TASK GOAL:
Since only the words are wanted, reproduce every entry exactly and leave the images behind.

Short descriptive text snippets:
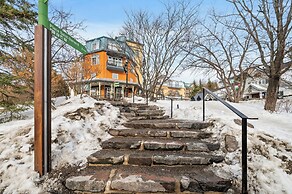 Le Johannsen by RVMT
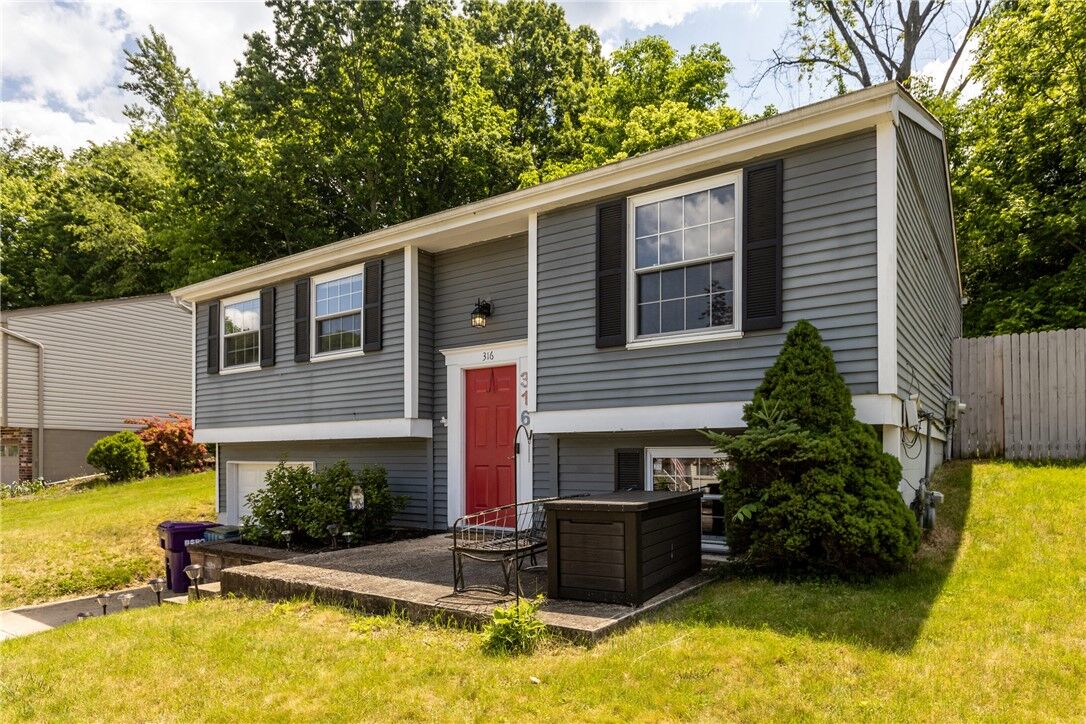 Property Photo:  316 Tionesta Dr  PA 15068 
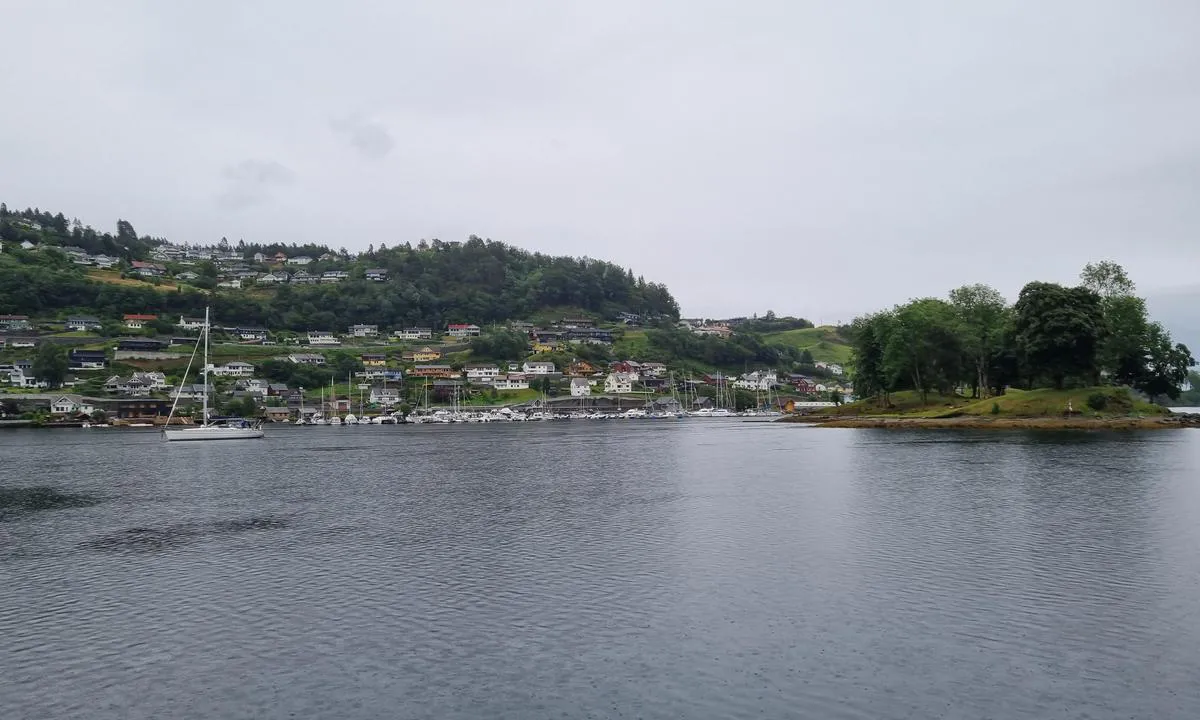 Norheimsund anchorage: {"base": "no", "no": "Nord for Sandvenholmen er det fint", "se": "Norr om Sandvenholmen \u00e4r det fint", "en": "North of Sandvenholmen it is nice", "da": "Nord for Sandvenholmen er det godt"}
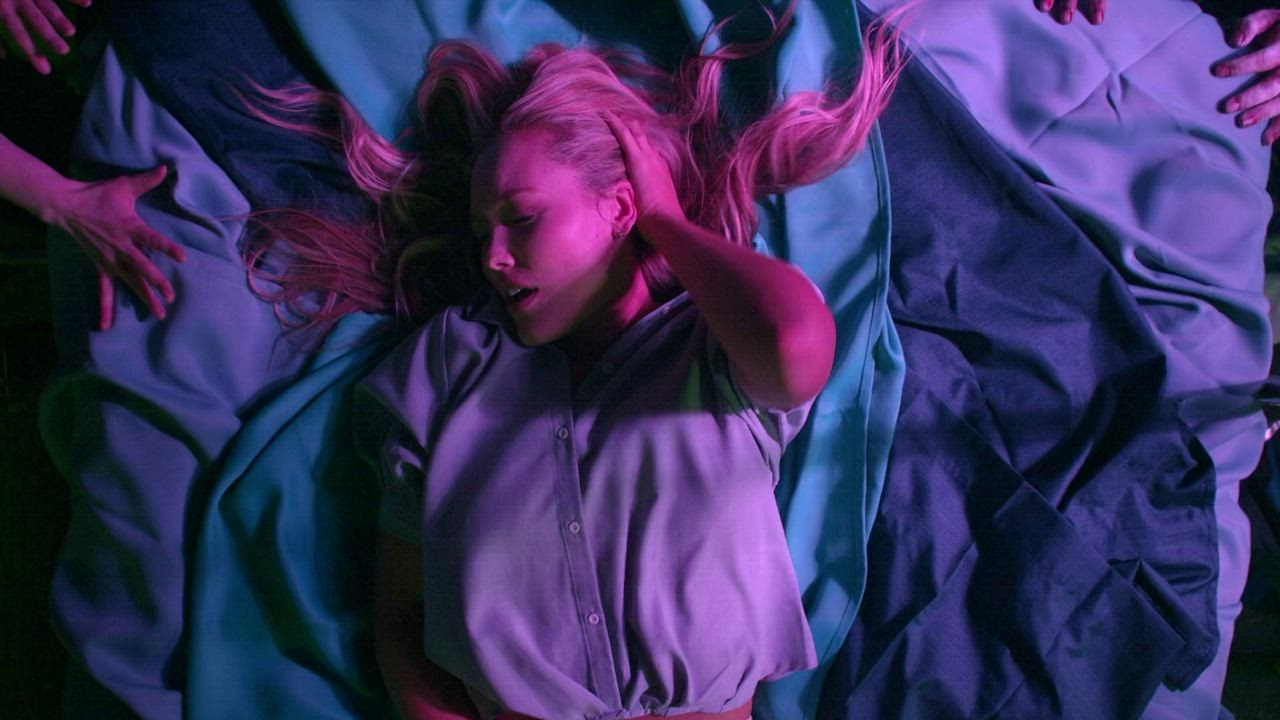 Amanda Jones : video clip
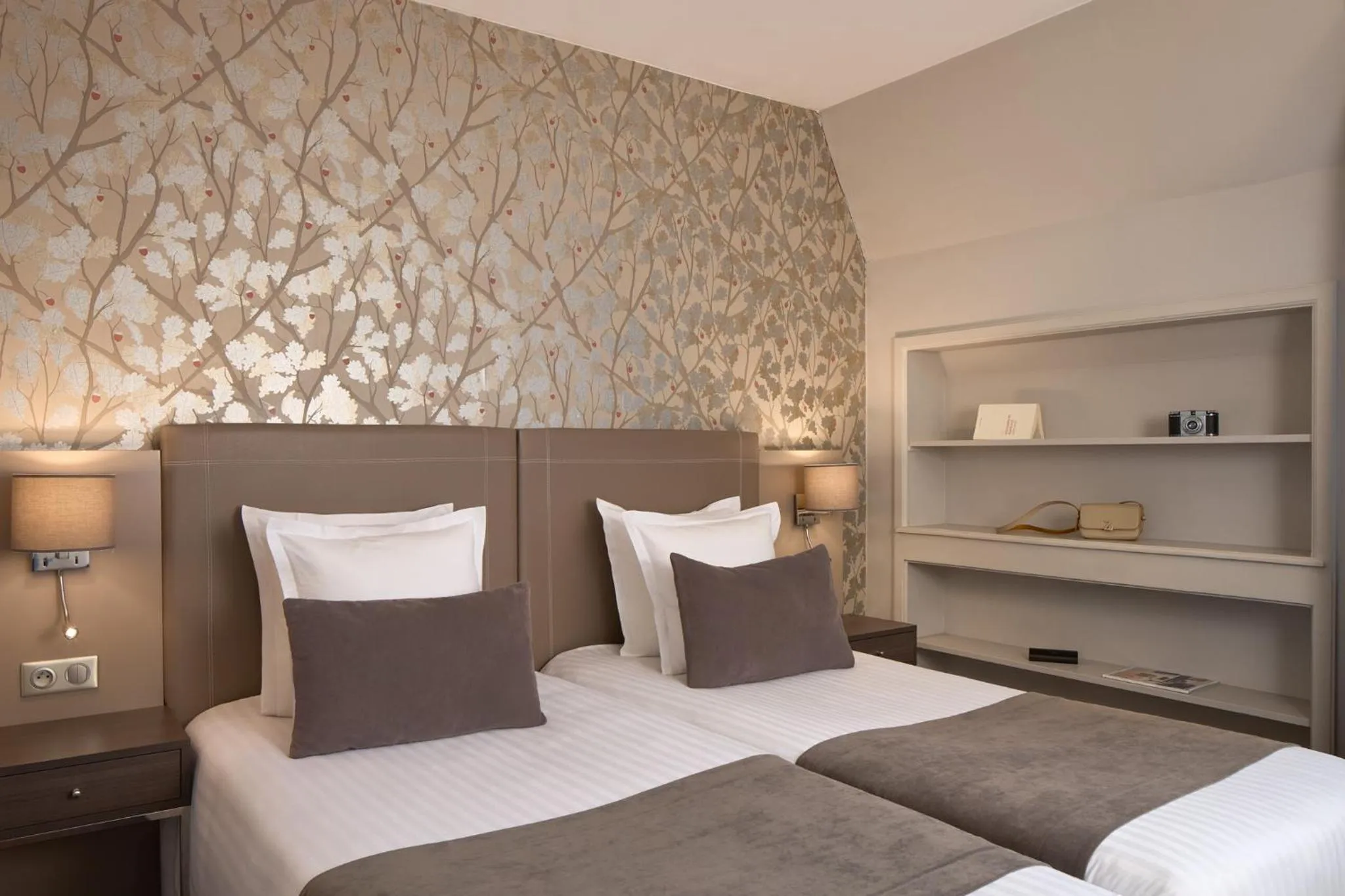 Bedroom, Bed in Timhotel Opéra Blanche Fontaine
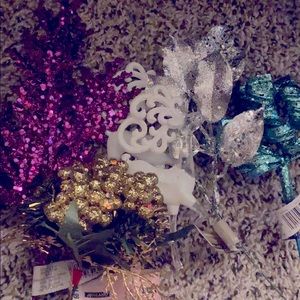 Random bag of floral  items.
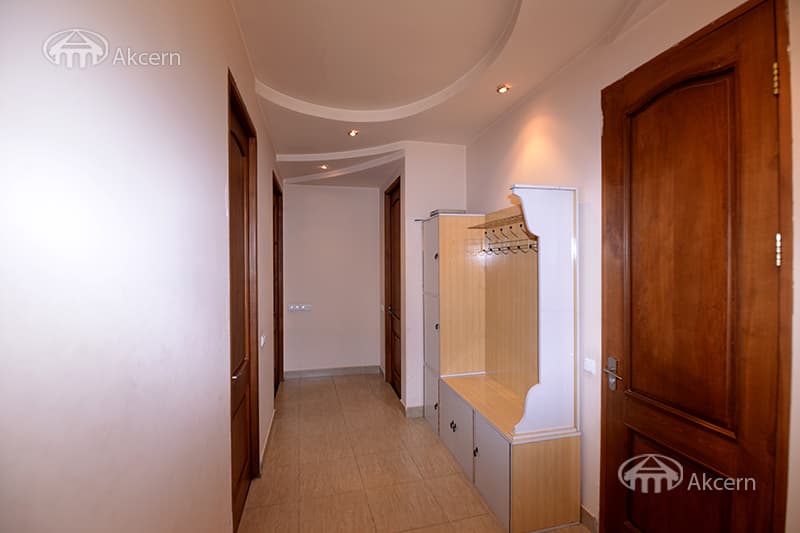 Mansion · 3 rooms · 160 m² · Nork-Marash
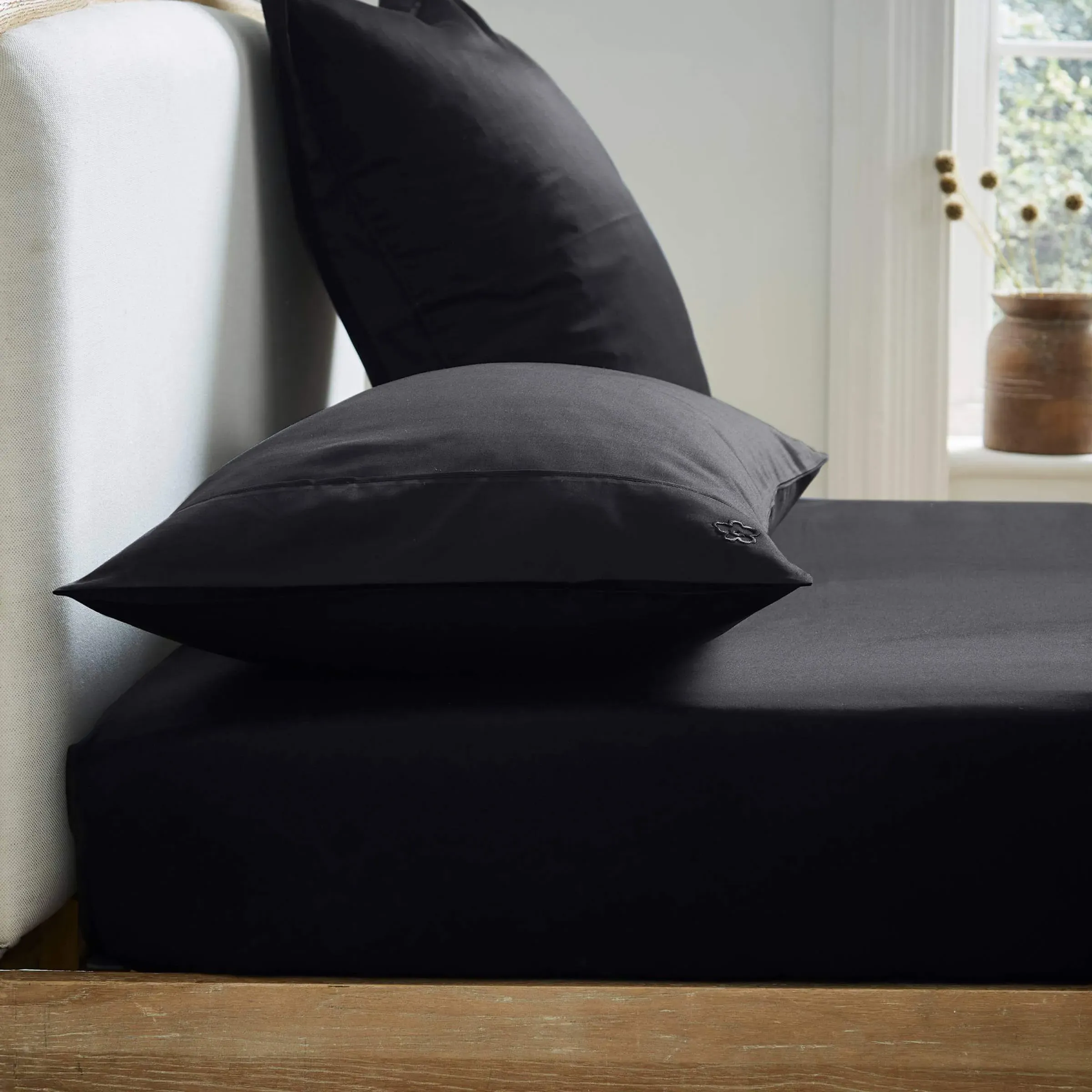 Single Fitted Sheet 250TC - Black, Cotton image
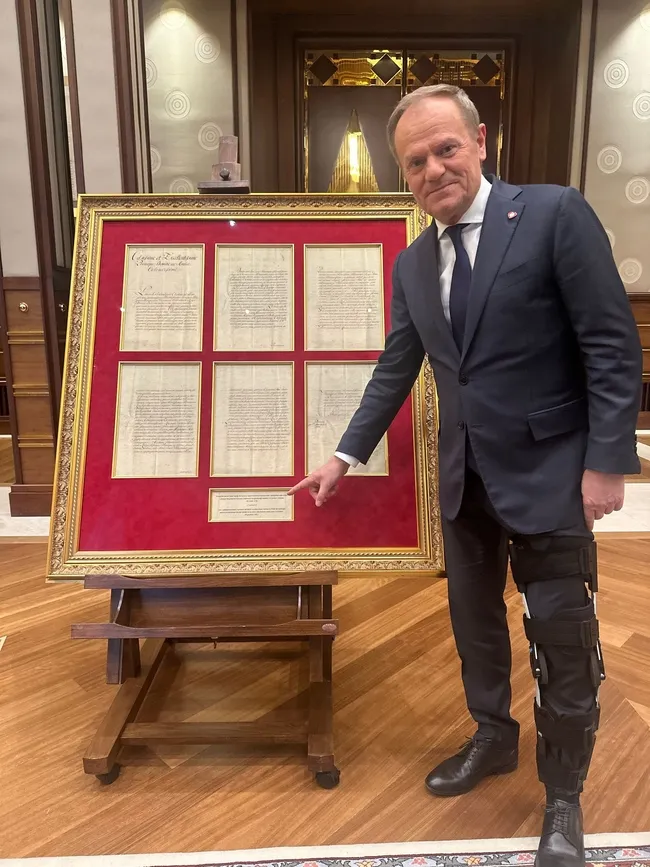 polonya-basbakani-tusk-baskan-erdoganin-hediyesi-300-yillik-mektubu-paylasti-1741810608003.jpg Polonya Başbakanı Tusk, Başkan Erdoğan’ın hediyesi 300 yıllık mektubu paylaştı
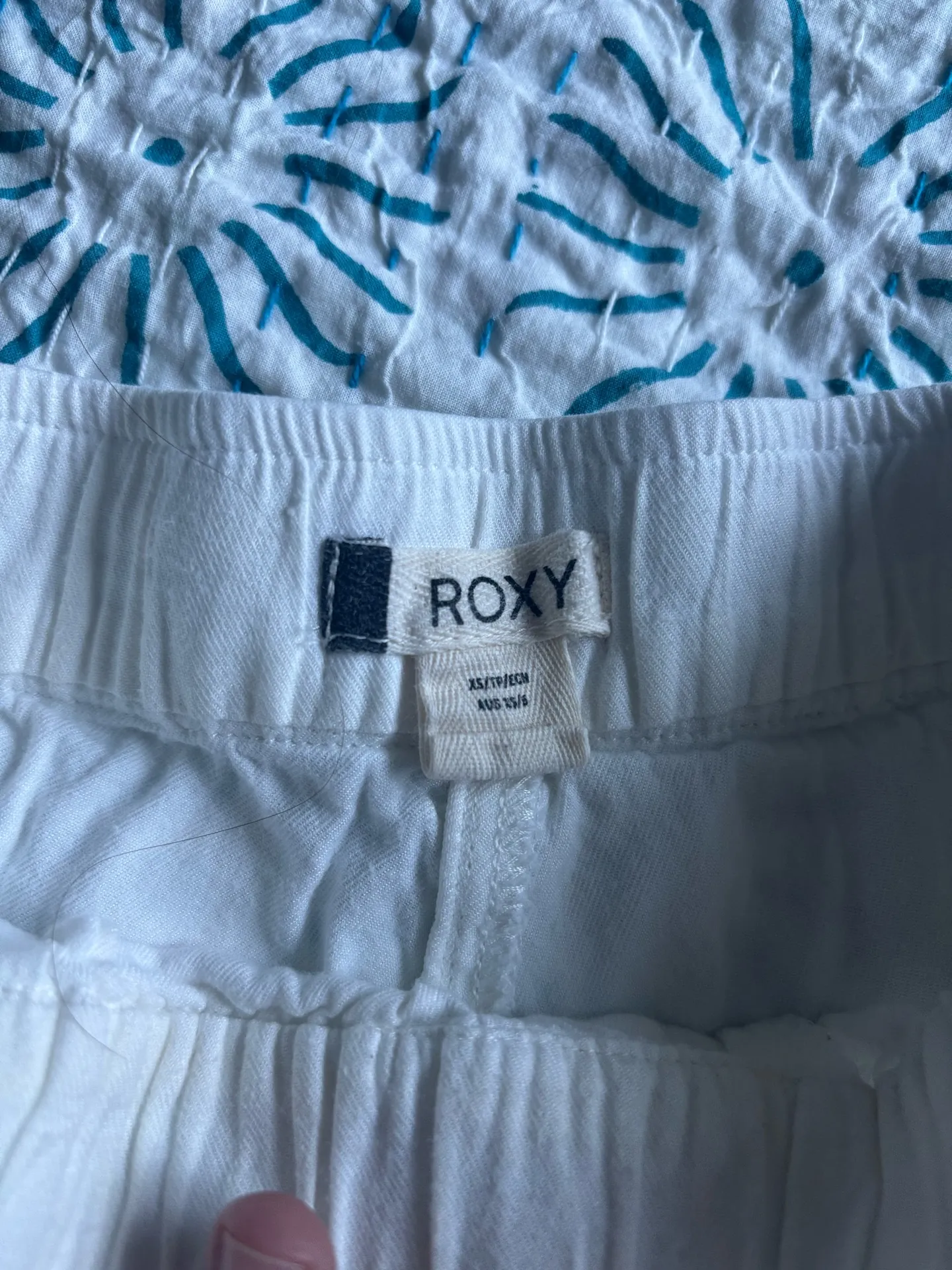 roxy white shorts - Image 2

SOLUTION TO THE PROBLEM:
 Le Johannsen by RVMT
 Property Photo:  316 Tionesta Dr  PA 15068 
 Norheimsund anchorage: {"base": "no", "no": "Nord for Sandvenholmen er det fint", "se": "Norr om Sandvenholmen \u00e4r det fint", "en": "North of Sandvenholmen it is nice", "da": "Nord for Sandvenholmen er det godt"}
 Amanda Jones : video clip
 Bedroom, Bed in Timhotel Opéra Blanche Fontaine
 Random bag of floral  items.
 Mansion · 3 rooms · 160 m² · Nork-Marash
 Single Fitted Sheet 250TC - Black, Cotton image
 polonya-basbakani-tusk-baskan-erdoganin-hediyesi-300-yillik-mektubu-paylasti-1741810608003.jpg Polonya Başbakanı Tusk, Başkan Erdoğan’ın hediyesi 300 yıllık mektubu paylaştı
 roxy white shorts - Image 2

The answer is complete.